My little mini laptop is not hooked up to the wireless internet right now because its got so much crap on it, that Hubby gave me before he deployed, that I can't do anything with it...so it leaves 2 laptops up in the house available for use..which always seem to be in one of my brothers hands, because if one is dying he needs the other one. So when I am lucky I am not stuck writting my emails on my blackberry, I learn to take full advantage of it...honestly 1st of January could not come fast enough for me to get my own bigger and nicer laptop. I need it!!
I got another brother...who I am not even a big fan of, I didn't talk to him or see him for about 6 years at one point, anyways! He knows I am hormonal, he knows he is the black sheep of the family (not just me who thinks that) and although I try to give him a break, because he does get picked on a lot, he seems to really want to make his mark in the family on the wrong person....and I am the wrong person. This brother and I have a really bad past, and for him to pick on me is so not ok! I am already hormonal, and my husbands deployed so I am really the wrong person to mess with. So when he gets after me which is....at least 4+ times daily he is getting me back firing with you guessed it.....FIRE! plus my family backing me up and telling him to leave me alone really works.
I really miss living on my own...I know this is the right thing so I am not alone, especially when I am knocked up with a Hubby deployed, plus we will be saving lots more, which we now really need. Its better for me to stay....but let me just say......I cannot wait to move into my Grandmothers home in February so I can have my own damn room!
Grateful for all that I have, honestly. But Honestly wanting to go back to FR. Thats all for my bitch session. :)

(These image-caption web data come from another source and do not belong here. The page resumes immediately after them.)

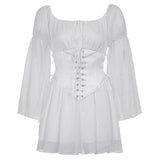 Getadme-Beach Style Vintage Chiffon Dress With Corset Bandage Hollow Out Bustier Prairie Chic Flare Sleeve Dresses 2 Pieces Set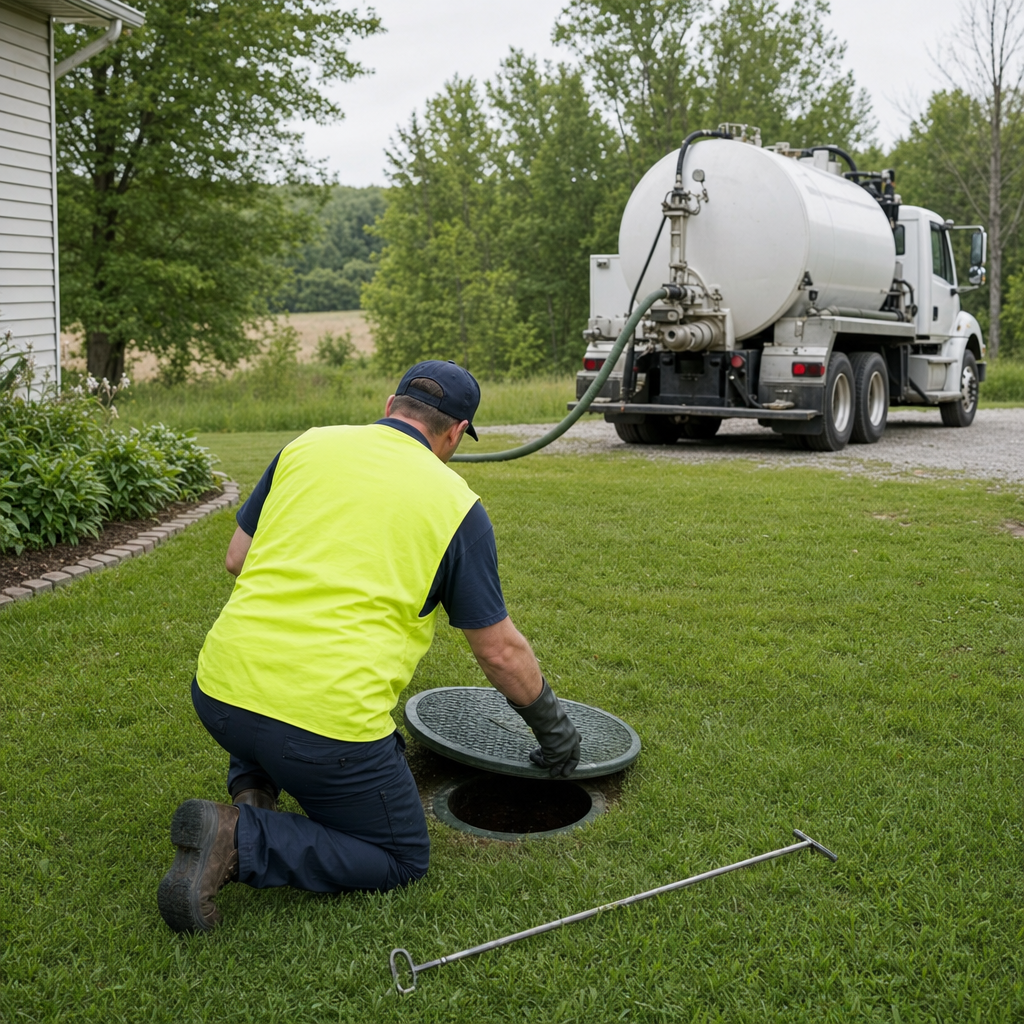 Septic technician kneeling on a Logan Square lawn, lifting the buried access lid on a residential septic tank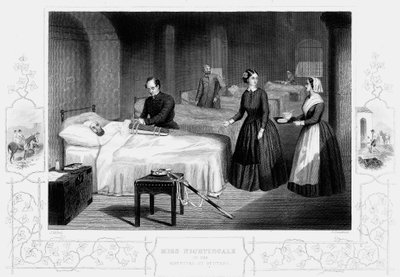 Florence Nightingale in the hospital at Scutari by Unbekannt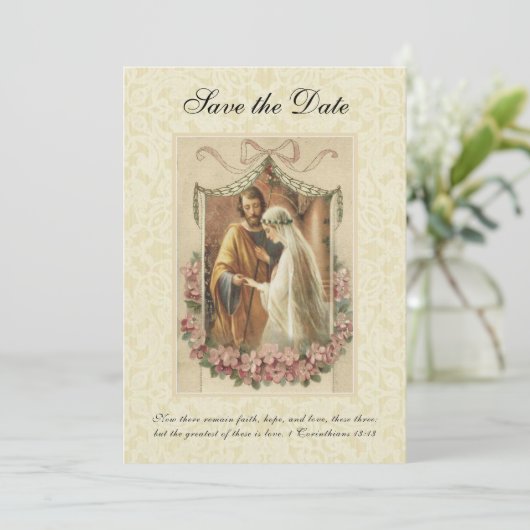 Katholiek Bruiloft Kersenbloesem Religieus Save The Date (Staand voorkant)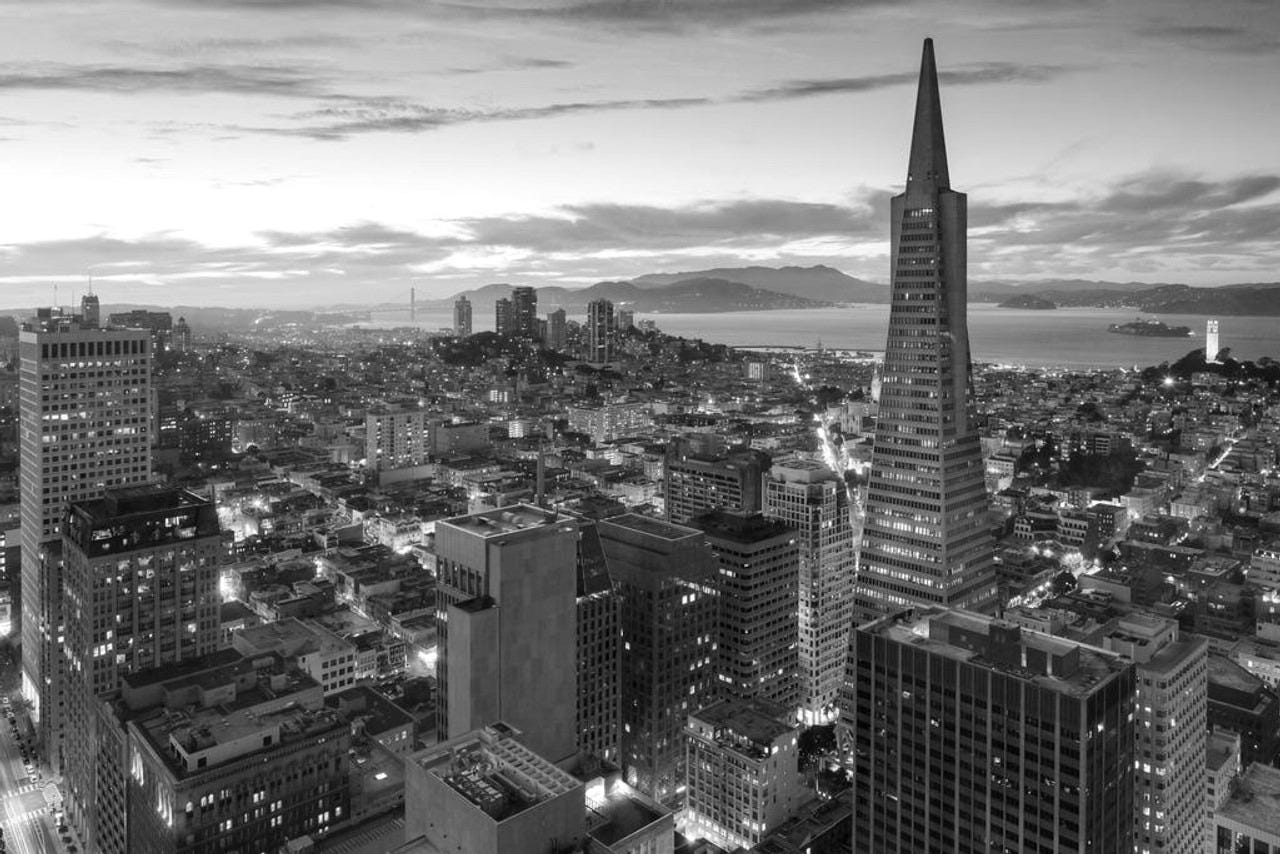 Laminated San Francisco California Skyline at Sunset Photo Art Print Poster  Dry Erase Wall Art 18x12 - Poster Foundry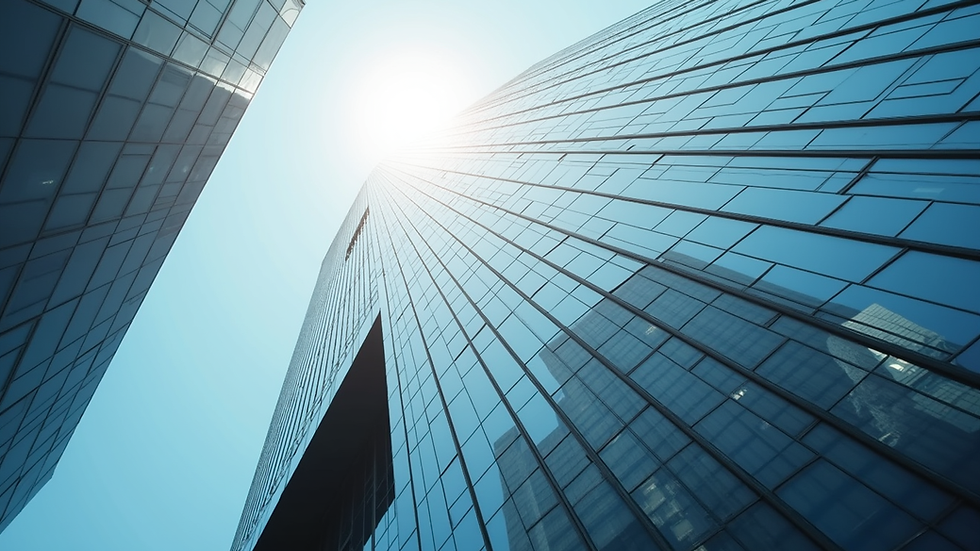 Eye-level view of a modern office building reflecting the sky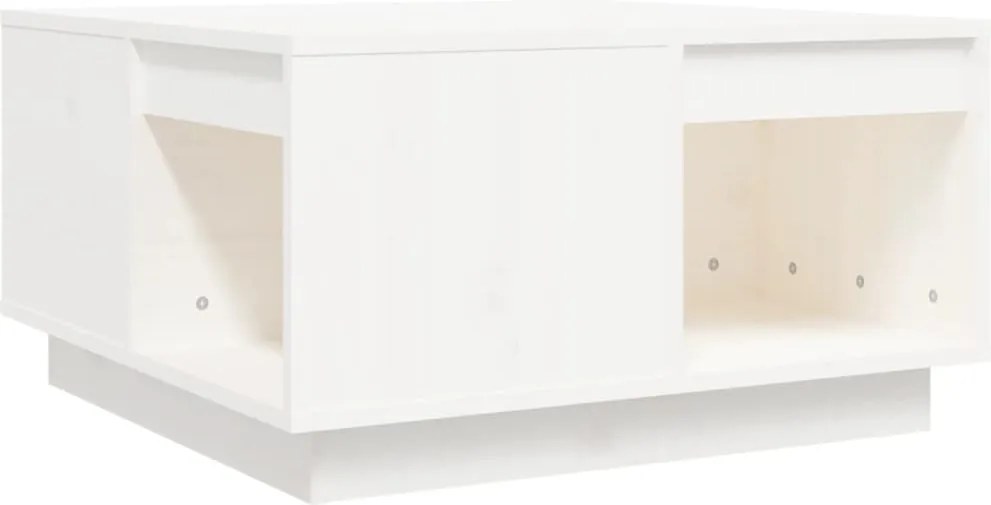 vidaXL Măsuță de cafea, alb, 60x61x32,5 cm, lemn masiv de pin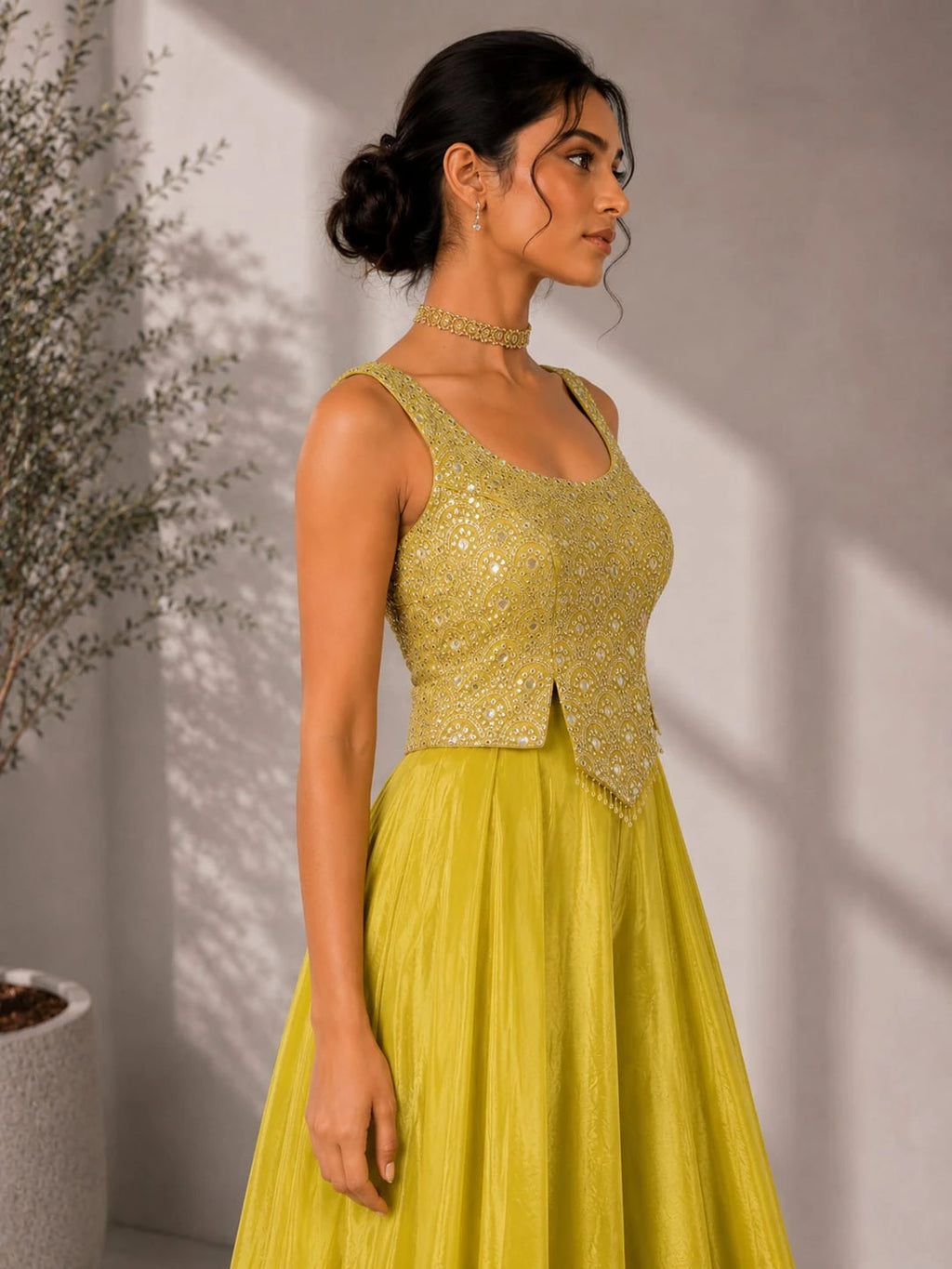 yellow sharara set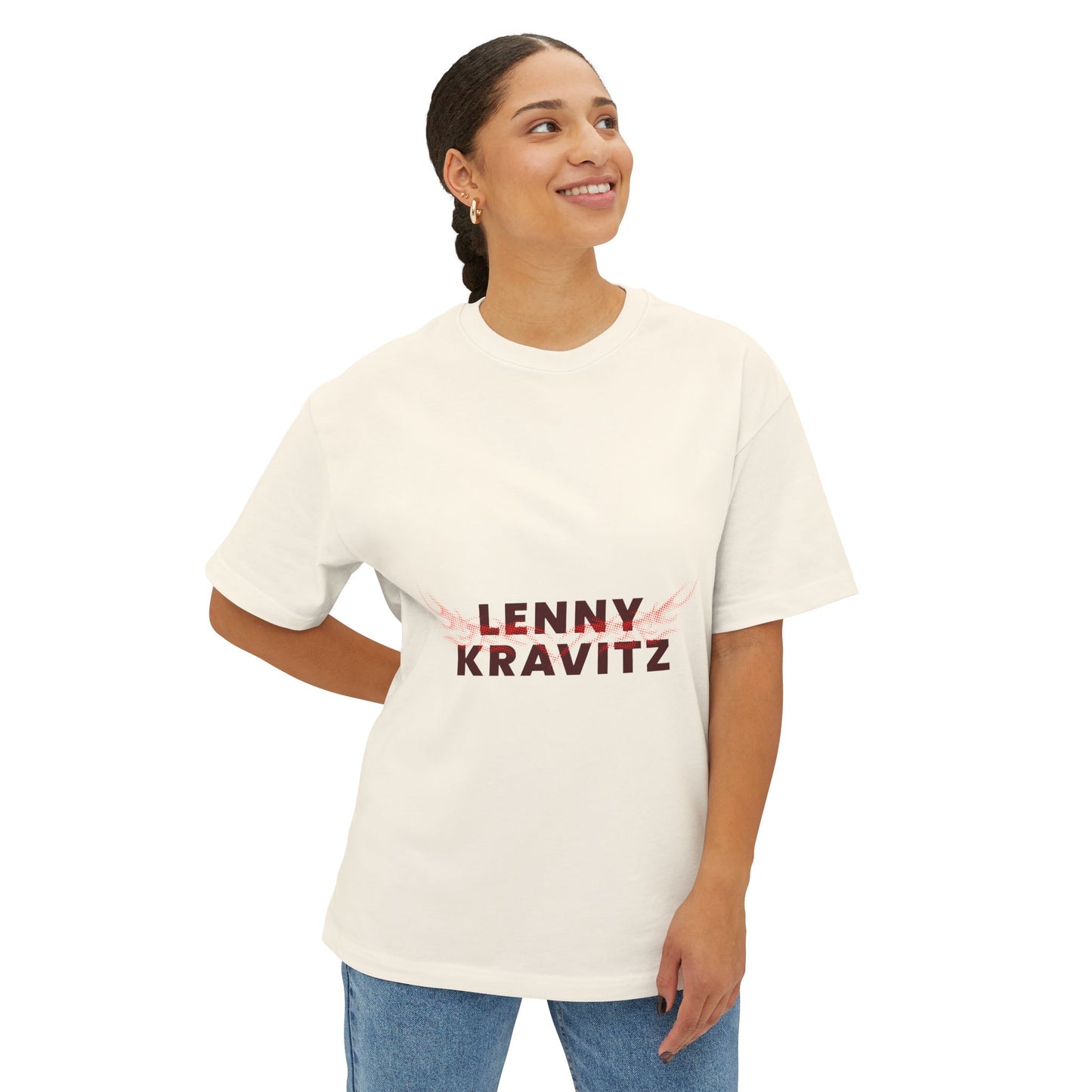 Fire Aura Grid Unisex Oversized Boxy tee Printify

Walking In A Freakin' Wonderland

I love Utah...honestly its not as bad as everyone thinks it is...its not some black hole in the USA, its not filled with crazy people...its actually very beautiful, alot of people I have met over at FR have told me that they have drove through it and loved it. I honestly sometimes cannot stand it here...but its usually because I grew up here and I honestly live "Where Everybody Knows Your Name"...never was a big Cheers fan.

Well anyways, today I woke up to this.....



Beautiful and amazing!! But not looking forward to when this wears off and becomes a pain in the ass.

Saturday, November 20, 2010

weekend over.....?

So my weekend got an early start...so it had to end early.....damn it.

It started really good with going to a concert called Trans-Siberian Orchestra...which if you haven't heard of them...you are missing out! They do Rock N' Roll Christmas music and their show is absolutely amazing! This was my 4th year in a row going, which next year I obviously wont be able to go, but all things must come to an end....at some point. I really enjoyed the concert alot, I was way worried someone would be a jerk and hit me by accident...see very protective already, but once I let go and had fun it was a blast! Though I did have to get up and get food...because thats one of my joys of pregnancy if you dont eat your gonna puke or gag till you do.
If you have never heard them click HERE and you can watch a youtube video on them...I did take a few videos at the concerts but I am really lazy and dont feel like uploading them right now...but let me know if you want to see them.
On Friday I was so stoked because you guessed it!!!! HARRY POTTER AND THE DEATHLY HALLOWS PART 1, came to me and said "I have a dream...that you will love that you read these books, and know the damn ending"  because honestly, I loved the movie...but if you did not read the books, your gonna want to!!
I love Harry Potter, so sad that this is coming to an ending..but I cannot wait for my little one to watch it with me!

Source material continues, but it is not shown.